Consistent with the existing requirements that apply to all personal information, financial services entities must ensure they have effective measures in place to protect the information at all stages of the information lifecycle to ensure compliance with APP 11 and the specific conditions set out in the Regulations.
These measures should include ICT security, access security, physical security, processes for responding to data breaches, and robust privacy and security governance arrangements. Privacy and security governance arrangements should include appropriate training to ensure staff are aware of their privacy and security obligations and the requirements of the Regulations when handling the information, resourcing, documented policies and procedures, and management oversight to foster a culture of privacy.
Destroying information is also an important risk mitigation strategy and entities should ensure they securely and irretrievably destroy the information when it is no longer required for the purposes set out in the Regulation.
More detailed guidance can be found in the OAIC’s Guide to securing personal information.
Privacy impact assessments
We encourage financial services entities to consider undertaking a privacy impact assessment (PIA) to identify and mitigate the risks that may be associated with the collection of the information from a carrier or carriage service provider.
A PIA can assist an entity to determine whether the collection of information is necessary and proportionate in the circumstances and provides a useful framework to help identity and mitigate privacy risks and impacts that may be associated with handling the information.

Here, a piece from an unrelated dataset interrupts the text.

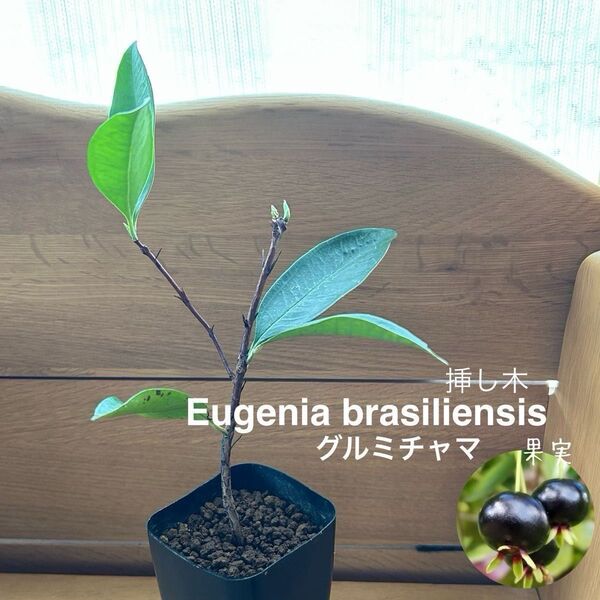 633〓人気種 Eugenia brasiliensis グルミチャマ 挿し木 現品 鉢ごと 熱帯果樹 (ジャボチカバ)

For instance, a PIA may assist financial services entities to identity whether additional security or other measures are necessary to protect the information and ensure it is only utilised for the limited purposes set out in the Regulations. Mitigating privacy issues will help reduce the risk of experiencing a data breach, which could trigger entities notification obligations under the NDB scheme.
The OAIC has produced a suite of resources to assist APP entities conduct PIAs, including a Guide to undertaking privacy impact assessments and a Privacy impact assessment tool.
- Australian Privacy Principles guidelines
- Data breach preparation and response guide
- Guide to securing personal information
- Guide to undertaking privacy impact assessments
- PIA e-Learning course
- Privacy impact assessment tool
- Privacy management framework: enabling compliance and encouraging good practice
 An ‘associate’ is defined in s 6 of the Regulations as an employee of the entity, a related body corporate of the entity, an employee of the related body corporate, or a contractor of the entity.
 The Regulations also require an authorised officer of the entity to give the Australian Prudential Regulation Authority an attestation that the entity meets the requirements of Prudential Standard CPS 234 ‑ Information Security, as in force from time to time.